ところで、システム開発と一口に言っても、さまざまな開発手法があり、それぞれの工程には違いがあります。ここからは、システム開発のモデルごとに、具体的な工程を解説していきます。
ウォーターフォールモデルとは、工程を1つずつ順番に終わらせていく手法
ウォータフォールモデルは、最初にスケジュールや人員、要件定義をしっかり固めた上で、工程を1つずつ順番に終わらせていく開発手法です。システム開発モデルの中で、もっとも古くからある、ポピュラーな手法として知られています。
「ウォータフォール(waterfall)」は、和訳すると「滝」を意味する言葉です。工程の進め方が、上から下に流れていく「滝」のようであることから、ウォータフォールモデルと名付けられました。
ウォータフォールモデルの基本的な工程をご紹介します。
システムを開発するにあたって、最初に行うのが「要求分析」と「要件定義」です。システムに何を求めるのか、明確にしていく工程を「要求分析」と言い、その要求に基づいて、必要な機能や要求をまとめていく作業のことを「要件定義」と言います。
クライアントの要求を実現することを目的に、実装する機能や性能などを検討し、具体的な進め方を決めていきます。ここでは、クライアントと開発者の間で、認識に相違がないことを確かめておくことが大切です。
外部設計は、サービス利用想定者の視点に立って、具体的に搭載すべき機能や特徴を検討する工程です。使い勝手に関わる重要な工程の1つで、「基本設計」や「概要設計」と呼ばれる場合もあります。
外部設計の工程では、要件定義をもとにユーザーインターフェース(UI)を設計し、基本設計書等を作成します。インターフェースとは、サービス利用者から見える部分のこと。つまり、画面などの外面的な見た目や、操作方法の構成を指します。
内部設計は、サービス利用者側から見えない「内部機能」を設計していく工程です。外部設計で作成した基本設計書をもとに、それをシステムとしてどのように実現していくのか、具体的に決めていく工程となります。「詳細設計」や「プログラミング設計」などとも呼ばれます。
内部設計では、具体的な実装を想定した「機能仕様書」など、詳細設計書を作成します。それぞれ個々に作成した詳細設計書をもとに、次の段階のプログラミングへと進みます。
プログラミングとは、詳細設計書をもとにプログラムを設計・構築する工程です。コンピュータが意図した動作を行うよう、「プログラミング言語」やそれに相当する「仕組み」など用いて、細かく順序だてた指示を記述していく作業にあたります。プログラミングは、システムエンジニア(SE)やプログラマーが行う工程です。

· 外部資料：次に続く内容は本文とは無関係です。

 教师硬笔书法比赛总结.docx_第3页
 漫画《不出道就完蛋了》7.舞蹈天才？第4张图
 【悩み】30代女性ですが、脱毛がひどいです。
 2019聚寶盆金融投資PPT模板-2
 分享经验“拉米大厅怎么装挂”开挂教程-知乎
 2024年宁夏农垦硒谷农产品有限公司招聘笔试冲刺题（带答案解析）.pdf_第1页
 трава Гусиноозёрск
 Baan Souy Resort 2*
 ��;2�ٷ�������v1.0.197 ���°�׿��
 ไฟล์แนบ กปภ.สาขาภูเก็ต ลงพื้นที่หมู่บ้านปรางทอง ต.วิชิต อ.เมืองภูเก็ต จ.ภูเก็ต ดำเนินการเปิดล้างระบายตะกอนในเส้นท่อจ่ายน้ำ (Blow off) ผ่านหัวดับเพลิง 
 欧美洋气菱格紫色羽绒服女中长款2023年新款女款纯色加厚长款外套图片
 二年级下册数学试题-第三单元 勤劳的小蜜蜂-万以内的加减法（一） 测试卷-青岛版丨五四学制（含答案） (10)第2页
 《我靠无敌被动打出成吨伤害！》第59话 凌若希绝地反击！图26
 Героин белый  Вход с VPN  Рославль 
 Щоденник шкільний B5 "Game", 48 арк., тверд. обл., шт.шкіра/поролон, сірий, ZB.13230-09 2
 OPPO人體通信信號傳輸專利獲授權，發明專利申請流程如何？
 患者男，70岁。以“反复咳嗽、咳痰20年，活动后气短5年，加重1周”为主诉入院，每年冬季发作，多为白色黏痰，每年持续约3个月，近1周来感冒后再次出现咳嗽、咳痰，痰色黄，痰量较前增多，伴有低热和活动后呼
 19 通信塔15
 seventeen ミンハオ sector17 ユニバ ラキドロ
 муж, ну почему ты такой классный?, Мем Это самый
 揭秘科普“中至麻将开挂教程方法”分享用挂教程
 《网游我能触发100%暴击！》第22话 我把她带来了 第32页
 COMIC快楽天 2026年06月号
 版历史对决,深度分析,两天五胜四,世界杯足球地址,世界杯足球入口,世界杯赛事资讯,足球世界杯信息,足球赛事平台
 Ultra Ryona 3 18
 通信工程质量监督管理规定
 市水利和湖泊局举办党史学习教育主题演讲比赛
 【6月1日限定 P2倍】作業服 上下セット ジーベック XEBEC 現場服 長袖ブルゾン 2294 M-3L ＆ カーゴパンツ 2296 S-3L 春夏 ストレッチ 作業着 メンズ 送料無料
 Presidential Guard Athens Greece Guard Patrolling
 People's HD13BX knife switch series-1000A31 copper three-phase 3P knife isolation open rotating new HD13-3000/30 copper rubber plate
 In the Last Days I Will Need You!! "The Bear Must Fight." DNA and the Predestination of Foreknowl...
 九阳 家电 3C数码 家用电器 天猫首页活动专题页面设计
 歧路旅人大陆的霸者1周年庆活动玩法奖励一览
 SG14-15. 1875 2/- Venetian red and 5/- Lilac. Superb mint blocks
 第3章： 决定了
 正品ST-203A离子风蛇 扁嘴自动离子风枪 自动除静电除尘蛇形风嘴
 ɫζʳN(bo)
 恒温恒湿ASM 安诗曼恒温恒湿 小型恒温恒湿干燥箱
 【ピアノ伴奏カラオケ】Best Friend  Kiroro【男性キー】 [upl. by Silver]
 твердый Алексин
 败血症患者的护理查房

プログラミングが完了したら、それぞれのシステムが正確に機能するかどうかを確認するために、次のような各種テストを実施します。
●単体テスト
実際に作成した個々のプログラムが、要件定義通りの動きをするか確認するテスト。単一の部品(モジュール)を対象に行う。
●結合テスト
複数のモジュール(部品)を組み合わせた状態で、想定通りの動きをするか確認するテスト。単体テストのあとに行う。
●システム(総合)テスト
システム全体を対象に、要件定義通りに動くのか検証するテスト。性能や負荷への耐久性や、操作性、セキュリティなどを、本番とほとんど同じ環境でテストする。
●運用テスト
最後に行われるテストで、実際に使用する状況と同じように使い、問題がないか確かめる。実用性に重点をおき、故意に入力ミスや誤操作をしてエラーを発生させ、復旧などの手順確かめるケースもある。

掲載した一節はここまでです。